#### SUPPLIED RECORDS
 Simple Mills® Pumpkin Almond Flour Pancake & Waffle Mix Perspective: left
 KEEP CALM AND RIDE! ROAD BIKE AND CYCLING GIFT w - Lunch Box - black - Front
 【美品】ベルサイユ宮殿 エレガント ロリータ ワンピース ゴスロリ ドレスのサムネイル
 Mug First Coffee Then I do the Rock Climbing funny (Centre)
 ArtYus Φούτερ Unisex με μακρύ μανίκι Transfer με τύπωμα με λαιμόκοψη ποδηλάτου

--

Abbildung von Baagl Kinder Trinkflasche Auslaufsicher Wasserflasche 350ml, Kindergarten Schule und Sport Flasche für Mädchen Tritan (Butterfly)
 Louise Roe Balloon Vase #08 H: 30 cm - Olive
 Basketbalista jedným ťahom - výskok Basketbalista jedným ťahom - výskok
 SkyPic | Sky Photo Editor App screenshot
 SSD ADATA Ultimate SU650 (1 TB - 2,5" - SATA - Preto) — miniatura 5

#### EXERCISE PROMPT
From the listing above, return the lines starting at the one with "Simple Mills® Pumpkin" and ending at the one with "ArtYus Φούτερ Unisex", both kept, exactly as they appear and nothing more.

#### RESPONSE TO THIS EXERCISE
 Simple Mills® Pumpkin Almond Flour Pancake & Waffle Mix Perspective: left
 KEEP CALM AND RIDE! ROAD BIKE AND CYCLING GIFT w - Lunch Box - black - Front
 【美品】ベルサイユ宮殿 エレガント ロリータ ワンピース ゴスロリ ドレスのサムネイル
 Mug First Coffee Then I do the Rock Climbing funny (Centre)
 ArtYus Φούτερ Unisex με μακρύ μανίκι Transfer με τύπωμα με λαιμόκοψη ποδηλάτου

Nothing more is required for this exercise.